Samuel, I commend you on your refusal to grant the seal of approval on certain aspects of the film that just didn't wash with you just because the film won the Palme d'Or and has received mostly spectacular reviews from the most discriminating of critics and bloggers. Only my WitD colleague Allan Fish seems to be on the same page as you, though his issues are more a seeming disdain for the kind of story the director chose to tell here than because of any inherent artistic failings. I absolutely do not agree with you that this film is less than the sum of it's parts, and I went just last week to see it a second time at the Film Forum to ponder further on its relative complexities. Like you I loved the surreal and erotic princess and the catfish sequence (Weerasethakul did not even try to connect this to the rest of the film, but we all know what he saying here and only pose to ask who Boonme is, the princess or the catfish?) and feel your pasted comment above was spot-on for that point. The reception for the film has imprssed far more reliable watchers than Tim Burton, and Weerasethakul is quitely simply one of the world's most brilliant directors in my view. This is bold, auspicious, imaginative, philosophical and stylish filmmaking that won't always (at least not immediately) hit the right notes for all, but elements of magic and sensuality overcome the daeth looms inescapable no matter who perceived direction the story goes for Boonme. Hence for me this is far more than an interesting film, but a stone-cold masterpiece. As I stated earlier this extraordinary reviews expands the literature on this film, and should be read by everyone, regardless of their summary reactions.

Samuel Wilson said...

Sam, for what it's worth David Denby just came out against Boonme in The New Yorker, but his is a more thoroughly dismissive review than I think necessary.
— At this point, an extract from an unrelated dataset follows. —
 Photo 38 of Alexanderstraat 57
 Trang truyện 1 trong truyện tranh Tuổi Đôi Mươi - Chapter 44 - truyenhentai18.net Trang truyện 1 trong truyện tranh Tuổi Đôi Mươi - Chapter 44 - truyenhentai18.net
Weerasethakul (Stanley Kaufman reports that the director lets people just call him "Joe") is a legitimately ambitious but also self-indulgent filmmaker. I think he tries to say too much here without managing to hold it all together, but much of it is still worth saying. The funeral and aftermath reminded me of another film you recommended to me, Jessica Hausner's Lourdes, which I'd call the superior movie simply because it coheres better.

Nathanael Hood said...

I HATED this film.

Never before have I felt such contempt for an audience by a director. It made NO attempt to be accessible or comprehensible. I actually saw it at the New York Film Festival where the director gave a Q&A afterwards. All of his explanations for his film were ridiculous....

Samuel Wilson said...

Nathanael: I can see how Boonmee could alienate a lot of viewers, and having the director try to explain it might only exacerbate the effect. Nevertheless, parts of it worked for me either visually or intellectually. Accessibility is relative, I guess.

Sam Juliano said...

Yep, Samuel, Stanley Kauffmann is my favorite professional critic, and I well remember he had mentioned that Weerasethakul likes to be referred to as "Joe." I respect Nathaniel Hood's position (heck I hated INGLOURIOUS BASTERDS, a film that just about every person on Earth adored!) though of course I don't agree. I did not see the film at the New York Film Festival -I laud you for that great experience- but everything I read about the director's presentation was exceedingly favorable. It does usually go hand in hand that an unfavorable position will unduly influence the discussion session afterwards, though I can readily admit that the documentary NOSTALGIA FOR THE LIGHT did not result in a particularly rewarded Q & A by celebrated documentarian Patricio Guzman last week at the IFC Film Center, for reasons connected with the general approach to the material.

In any case, at the end of day, fair enough. I didn't feel like "Joe" was obscure for obscure's sake at all, and thought he broached some fascinating philosophical ideas that yielded some profound and arresting images.